Como os pontos do corpo sinalizados pelos riscos – basicamente, articulações e a parte inferior das costas – deveriam doer mais, o novo estudo reforça a hipótese de que as tatuagens tiveram mais importância terapêutica do que decorativa, servindo como pontos de aplicação de tratamentos médicos direcionados, como uma espécie de acupuntura praticada na Europa Central há 5 mil anos. Pesquisas anteriores, que levaram em consideração a avaliação de acupunturistas, mostraram que pelo menos nove das marcas foram feitas a até 6mm dos pontos da terapia milenar. Outras duas estão enquadradas em um meridiano da técnica.

Possibilidades A arqueóloga Gislene Monticelli, professora do curso de história da Pontifícia Universidade Católica do Rio Grande do Sul (PUCRS) pondera que as tatuagens também podem ter tido um significado mais abstrato. “Nessas situações do passado, poderiam ser uma cobra ou escama de peixe, mas é difícil analisar, porque essas linhas paralelas podem ter tido um significado que não conhecemos mais.

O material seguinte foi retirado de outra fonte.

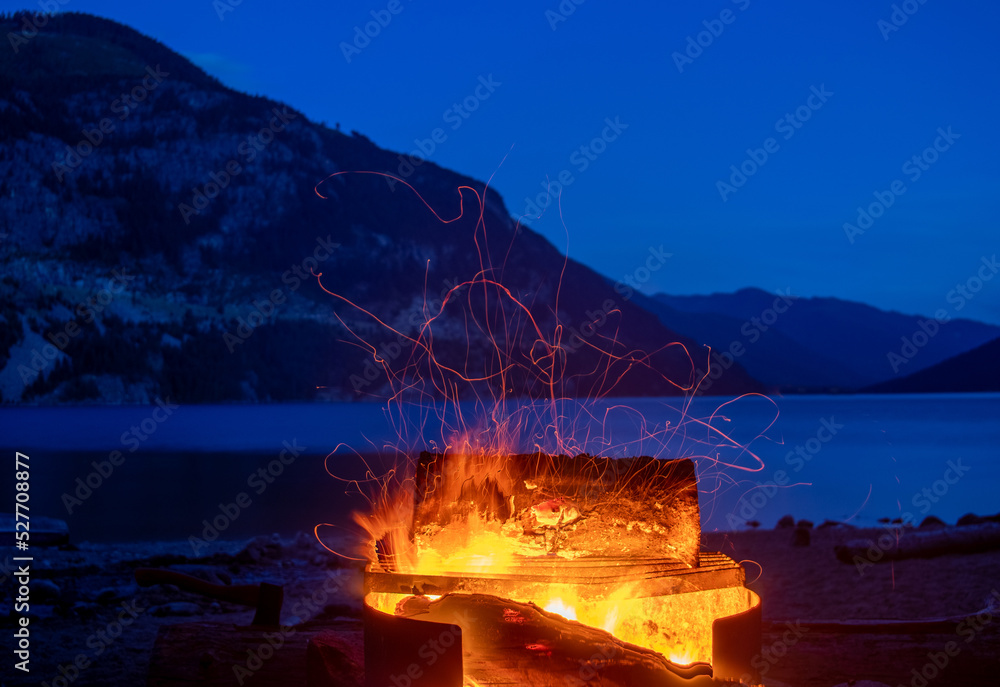 fire beside the lake in the mountains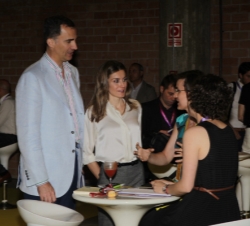 Sus Altezas Reales conversan con dos participantes de una sesión'networking'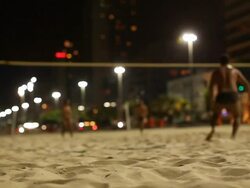 Ipanema Beach, Guys playing beach tennis, Night Stock Footage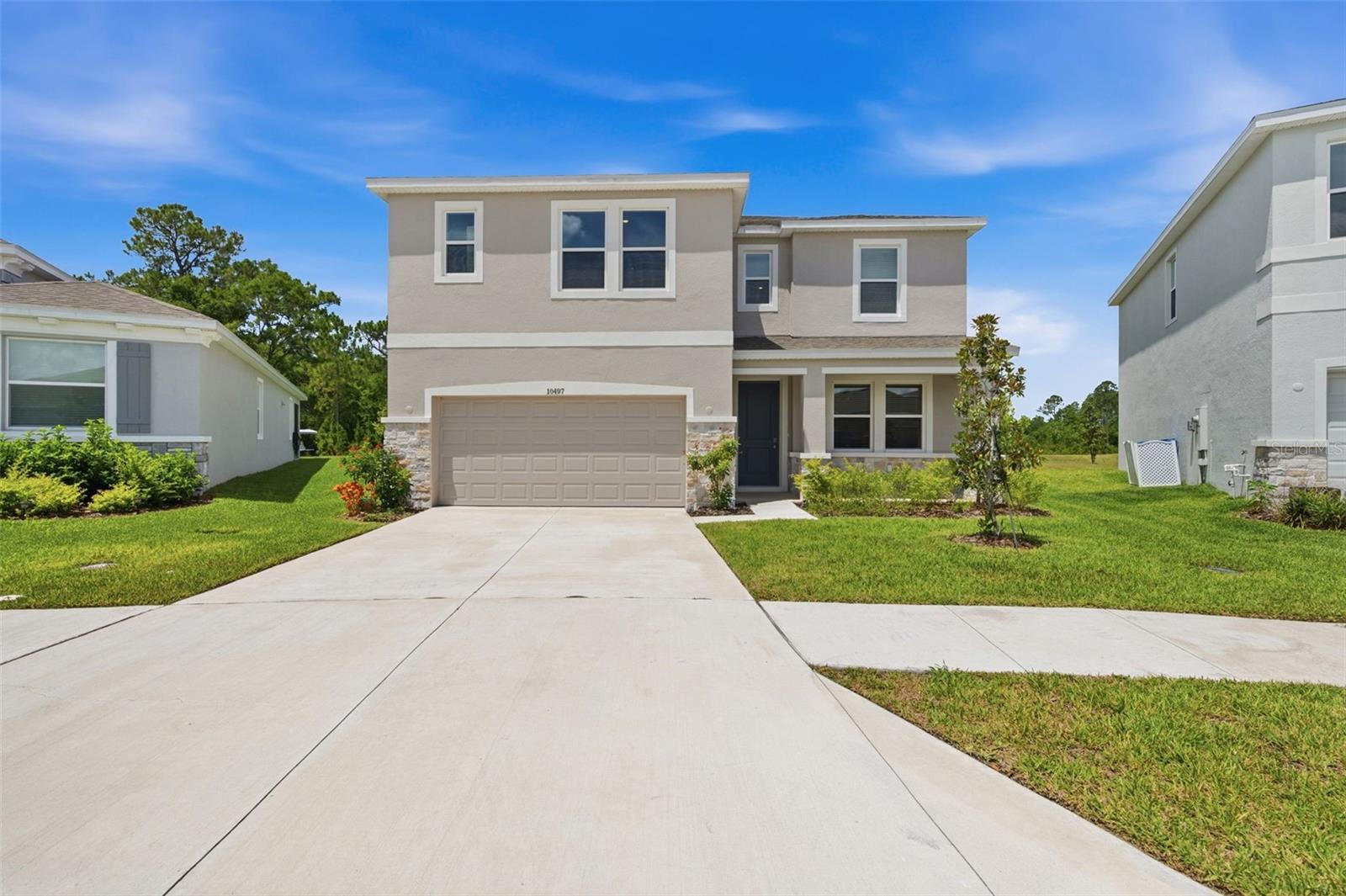Virtually Staged. Welcome to luxury living in the highly sought-after master-planned community of Angeline in Land O' Lakes! Be the very first residents to enjoy this brand-new DR Horton Talbot model, offering an impressive 3,561 square feet of thoughtfully designed living space with 5 bedrooms, 3.5 bathrooms, a private office, oversized bonus room, and 2-car garage. This stunning two-story home features a versatile floor plan ideal for multigenerational living, with a first-floor guest suite complete with its own ensuite bathroom featuring both a soaking tub and separate shower. Upstairs, you'll find the spacious primary suite along with the remaining bedrooms and an expansive bonus room perfect for a media room, playroom, or additional living space. The heart of the home is the beautifully appointed kitchen showcasing elegant quartz countertops, abundant cabinetry, and brand-new Whirlpool stainless steel appliances. The open-concept design flows seamlessly into the spacious great room, highlighted by an attractive tray ceiling and abundant natural light. A dedicated front office with French doors provides the perfect work-from-home space. Modern white oak luxury vinyl plank flooring spans the entire first floor, while plush brand-new carpeting adds comfort throughout the upstairs living areas. Step outside to the screened lanai and enjoy peaceful pond and conservation views with no rear neighbors. Situated on a premium corner bend lot, this home offers a larger pie-shaped backyard and enhanced privacy. Lawn care, professional property management, and high-speed internet are all included, making for a truly maintenance-free lifestyle. Residents of Angeline enjoy access to an innovative, wellness-focused community featuring parks, playgrounds, scenic walking trails, community gathering spaces, and unique agricultural amenities including a community garden with resident garden plots and a chicken coop providing fresh eggs. The popular Wild Thyme Café & Market offers a convenient place to grab lunch, meet neighbors, and enjoy community events. Families will appreciate the convenience of the Angeline Innovation Academy, a premier STEAM-focused school serving grades 6-12, as well as the nearby Angeline Country Day School. Ideally located just minutes from SR-52, the Veterans Expressway, and the future Moffitt Cancer Center campus, this exceptional home offers the perfect blend of luxury, convenience, and community living. Don't miss this opportunity to lease one of Angeline's newest and most desirable homes!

É só imaginar um presidiário, hoje, que risca linhas na parede. Elas podem significar tanto um dia prisão quanto o tempo que falta para sair”, compara a pesquisadora do Centro de Estudos e Pesquisas Arqueológicas da PUCRS.

Essa impressão pode ser reforçada pela identificação de quatro linhas paralelas de 20mm a 25mm de comprimento no canto inferior direito da região torácica de Ötzi. Descobertas só agora pela equipe de Marco Samadelli, essas são as primeiras tatuagens encontradas na parte frontal do torso do Homem do Gelo e não parecem ter sido feitas com o intuito de identificar pontos de dor.

Mesmo assim, o pesquisador italiano não refuta a hipótese relacionada à saúde. “Sabemos, a partir de estudos anteriores, que Ötzi sofria com outras patologias que também podiam afetar a região do peito e da frente do corpo, como pedras da vesícula biliar, parasitas e aterosclerose. Portanto, não podemos descartar que as tatuagens tenham sido feitas com intuitos terapêuticos”, observa o autor, apostando que os novos resultados levarão a mais estudos que podem esclarecer o significado e a função das pinturas milenares.

Técnica Para achar as novas tatuagens no corpo milenar, os pesquisadores aqueceram ligeiramente a camada superficial de gelo que protege o corpo de Ötzi, mantido no South Tyrol Museum of Archaeology, em Bolzano. Depois desse processo, ele colocado em uma câmara cuja temperatura não excedia os 4°C e fotografado sistematicamente por duas horas. Além das imagens, os autores desenvolveram um sistema integrado que conta com uma câmera modificada, filtros ópticos e um software sofisticado capaz de processar o conjunto de informações coletadas. Combinadas, as técnicas cobrem uma gama maior de ondas, captando tanto a luz visível quanto a não visível. Esse último tipo de energia pode ser definido grosseiramente como as “cores” que o olho humano não consegue captar, tais como o ultravioleta, o infravermelho, os raios X e as ondas de rádio.

A respeito da confecção das tatuagens, a equipe especula que elas pode ter sido produzidas pela perfuração da camada exterior da epiderme que, após ser lesionada, era coberta com pó de carvão. As técnicas aplicadas para a investigação de Ötzi podem auxiliar a pesquisa de outras múmias tatuadas encontradas antes, como uma de mil anos achada no Deserto de Chiribaya Alta, no Sul do Peru. Nela, foram detectadas duas formas de tatuagens: um grupo de imagens decorativas retratando plantas e animais e outro com símbolos e círculos localizados nas extremidades e no pescoço.